Create, Pitch, Sell

An Amazing Thing Happened Today

I was able to rescue a large bird with a three-pronged fishing lure stuck in its neck.

I'm not telling you this story to brag. I'm simply sharing a side of me I never knew existed.

While bike riding this morning, I passed by a bird standing still in the parking lot of a convenience store across from the beach. It was the size of a seagull. Brown, not white and black. I noticed it didn't fly off even when I was less than four feet away. Near its beak something bright yellow glinted in the sunlight. I thought the bird was eating an odd type of fish. The bird squatted so low to the ground I couldn't see the yellow thing anymore. It hit me that the bird was in trouble. I parked the bike. Dashed into the store, and told the first person I saw. The man stopped what he was doing and followed me outside. There was a short section of fishing line attached to a lure and one of the hooks was attached to the bird. The man surmised someone caught the bird while casting out, merely cut the line and left it to fend for itself.

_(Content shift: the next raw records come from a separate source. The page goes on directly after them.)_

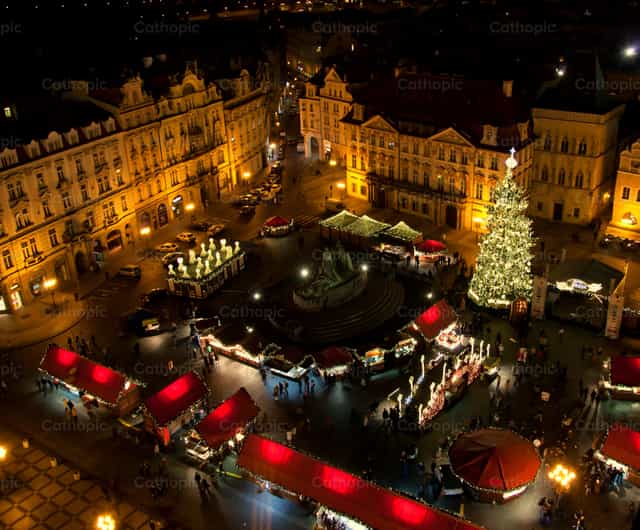 Mercado navideño en la Plaza de la Ciudad Vieja de Praga - Banco de imágenes católicas - Fotografía por Antonio Gravante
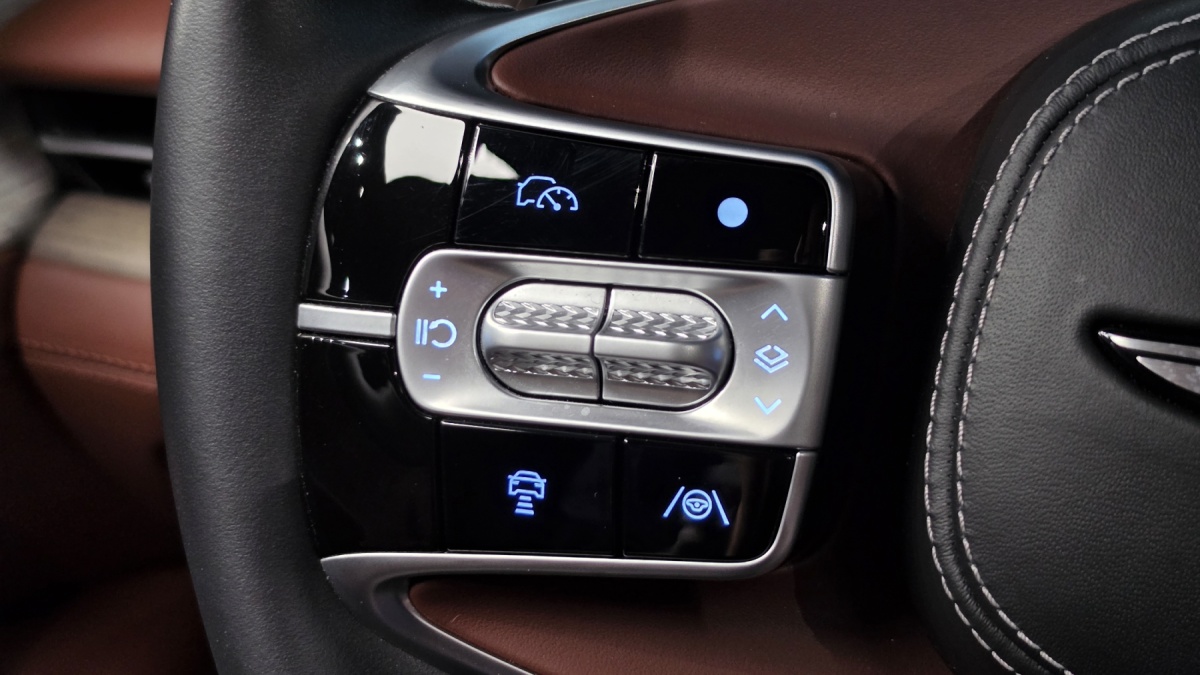 Genesis G90, 2022 — фото 12 из 12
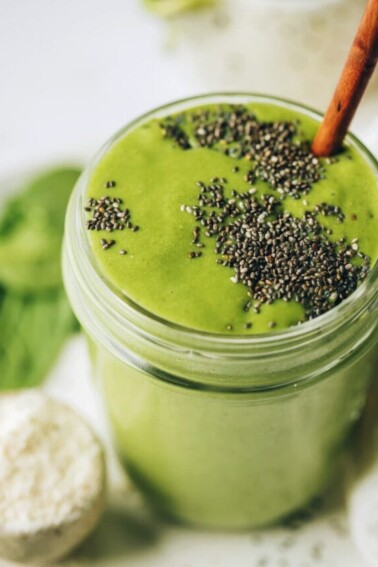 cropped-green-protein-smoothie-angle.jpg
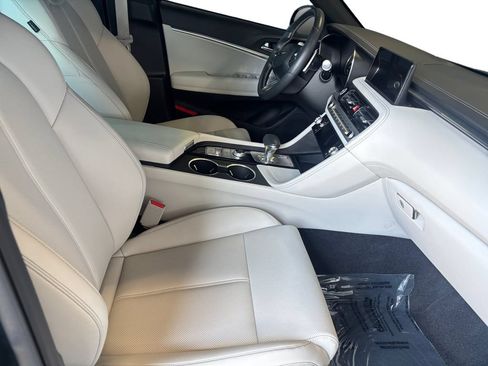Used 2025 Genesis G70 2.5T RWD image 15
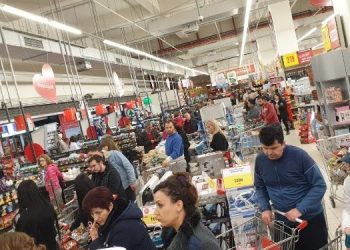 Koronavirusi rrit me 300 % shitjet në supermarkete/ Kompanitë: Nuk ka vend për panik, kemi furnizime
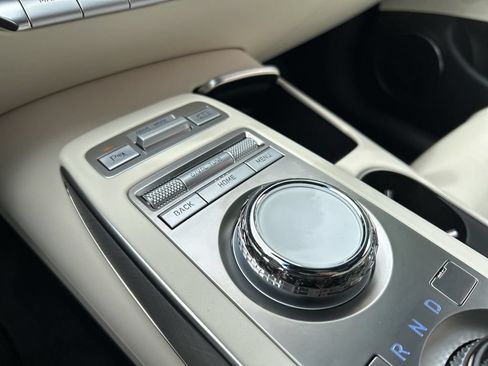 Certified 2025 Genesis Electrified GV70 w/ Prestige Package AWD/4WD image 21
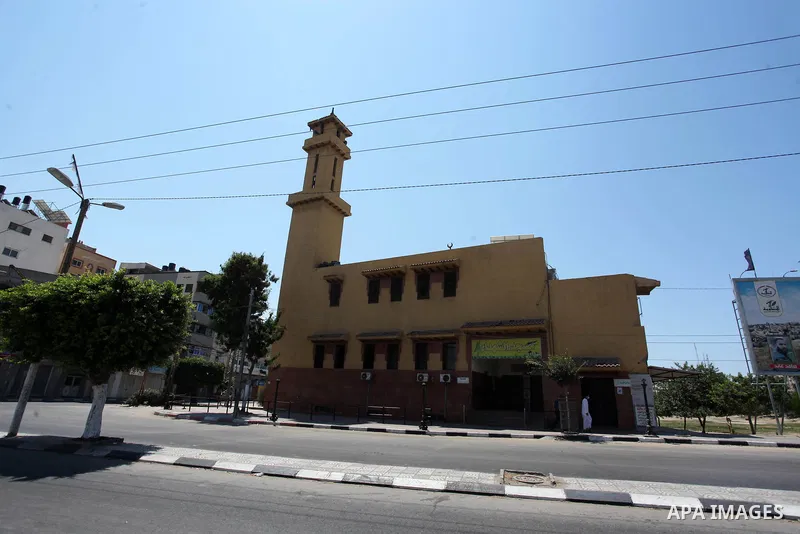 A view shows a closed mosque, during the imposed lockdown to mitigate virus outbreak in the Gaza Strip, in Gaza city on August 28, 2020, during a lockdown in the Palestinian enclave due to increasing cases of coronavirus...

The bird inched its way toward the highway. The man stepped on the line to keep it from darting out into the traffic or from trying to fly off. He told me to cover its eyes with my hand. I did. He examined the hook. Said he couldn't find a way to remove it without further injuring the bird. He hurried inside to ask someone else to help me, then got in his car and sped away, leaving me kneeling on the ground holding the bird with both hands. Other people came and went. They couldn't miss seeing me. Some turned away. Others flashed a sympathetic smile. "I need help, dammit!" I shouted, angrily. An employee came out and told me The Parks and Wildlife Service had been called.

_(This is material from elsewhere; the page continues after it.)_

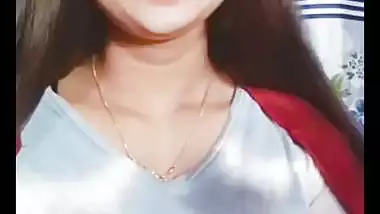 Girlfriend in glasses stands nude in bathroom viral xxx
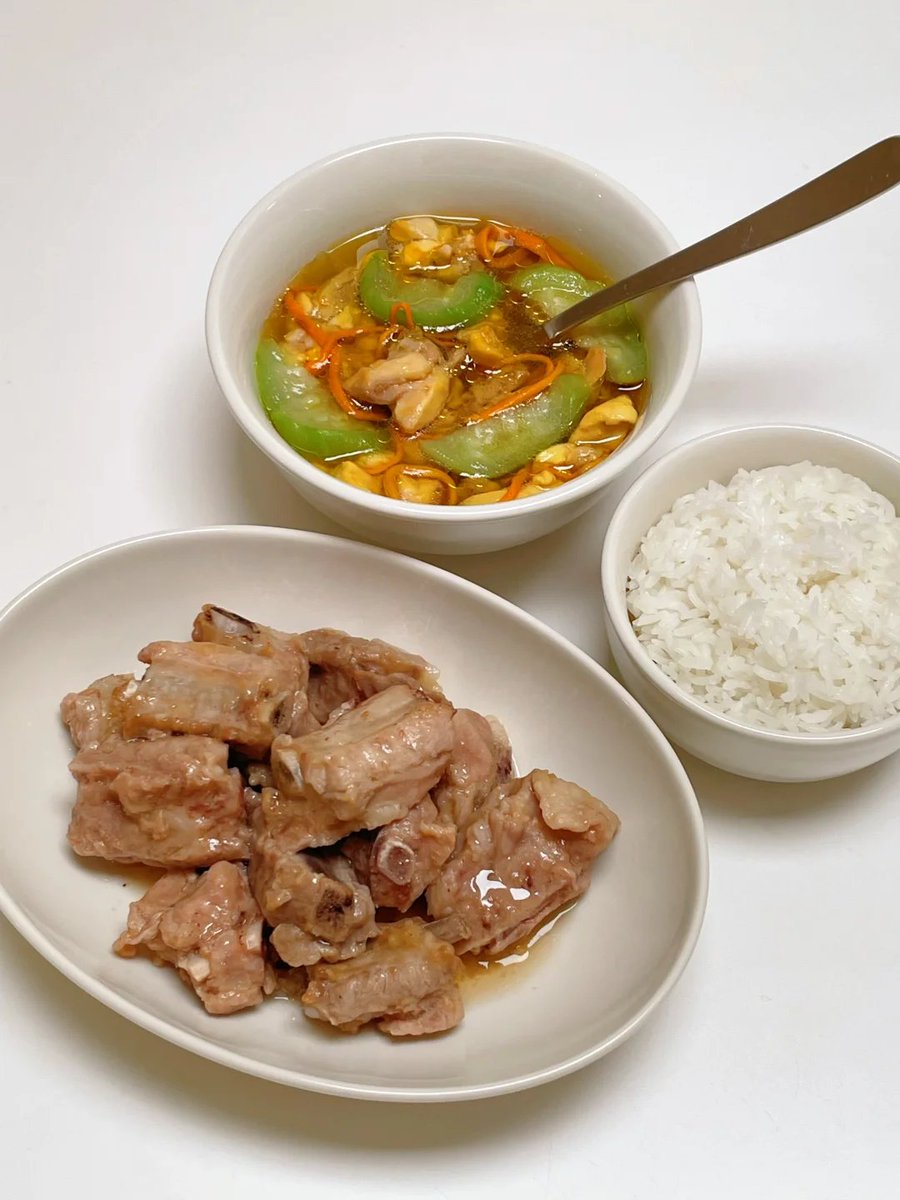 Grace686l's tweet photo. For a simple, light dinner, high-quality fats and proteins are essential; steaming offers a way to enjoy a meal that is both light and healthy https://t.co/AJM3P6V9pJ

Minutes later, a woman and a man pulled up in a van. She said she's a bird rescuer. They examined the bird while I continued holding onto it. The man tried to cut the barbed tip off the hook. Broke the handle of the tinsnips instead. The woman said it would be easier if they took the bird home with them. I didn't trust her. I had a sudden flashback to the time when I was forced to take my dog to a shelter because we were moving to an apartment complex that didn't allow pets. Heartbroken, I tried to come up with a plan to smuggle my dog into the apartment. I returned to the shelter a couple of hours later to find they had euthanized him not long after I'd taken him there. I couldn't help but think the same fate awaited the defenseless bird. She said they would remove the hook and return the bird to the wild. Reluctantly, I placed it in her care.

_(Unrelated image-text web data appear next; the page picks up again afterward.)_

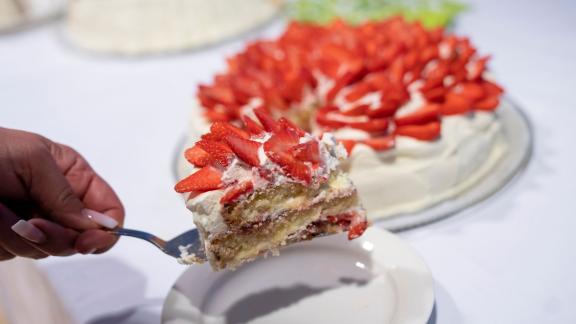 Für die Mansikkakakku, die finnische Erdbeertorte, hat jede Familie ihr eigenes Rezept. Sie ist ein Muss auf der Mittsommer-Party. Foto: Florian Schuh/dpa-tmn Für die Mansikkakakku, die finnische Erdbeertorte, hat jede Familie ihr eigenes Rezept. Sie ist ein Muss auf der Mittsommer-Party. Foto: Florian Schuh/dpa-tmn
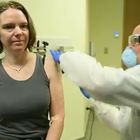 Coronavirus, mamma di 43 anni è la prima a testare il vaccino anti Covid-19: «Per me è una grande opportunità»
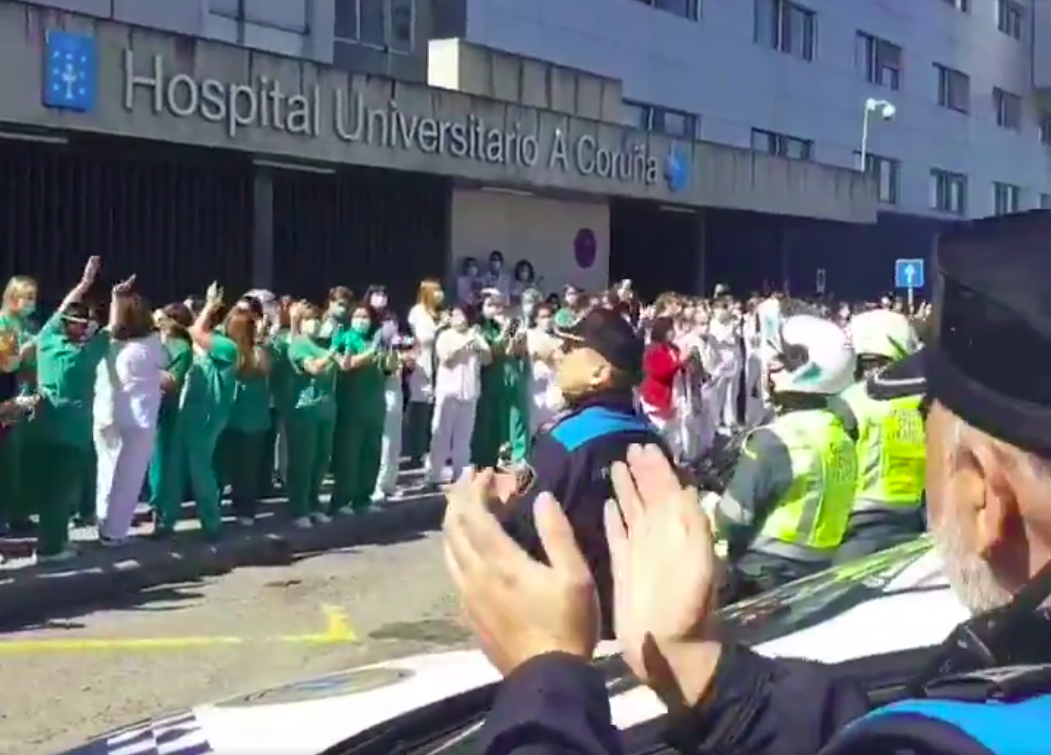Policu00edas y sanitarios intercambian aplausos en plena crisis del coronavirus frente Hospital Universitario A Coruu00f1a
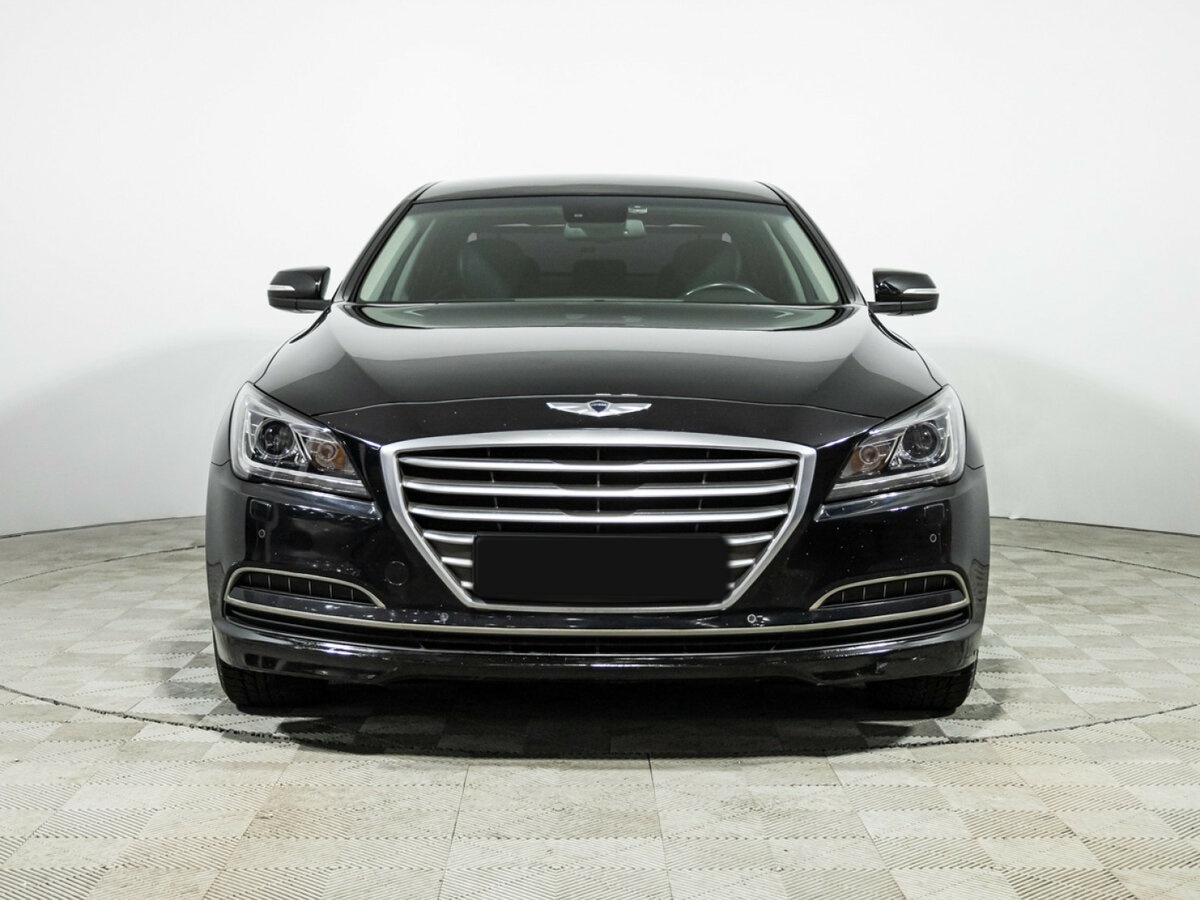 Hyundai Genesis с пробегом — 2015 год. Фото: #1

Two things amazed me. One: The bird stopped trying to get away from me, as if it finally understood I wasn't there to harm it. Two: My role in all of this. I love birds and animals. So I wasn't surprised that I didn't look the other way or find a way to quickly put the creature out of its misery. I was surprised, however, that I wrapped my bare hands around it without being scared or squeamish, even after it bit my hand hard enough to make a bruise. It's true when they say you'll never know how you'll act in a situation until you're confronted with it. I've always been a champion of the underdog, which made it easy for me to fight for the life of the bird like I did. It's also why it's easy for me to curse the person for hurting the bird in the first place, and for not taking responsibility for their actions. Cutting the line and leaving the bird to die shows a blatant disregard for life.

I didn't think to ask the woman what kind of bird it is. The photo is a close likeness. I also didn't ask her when and where she would return it to the wild. Hard as it is, I need to have a little faith.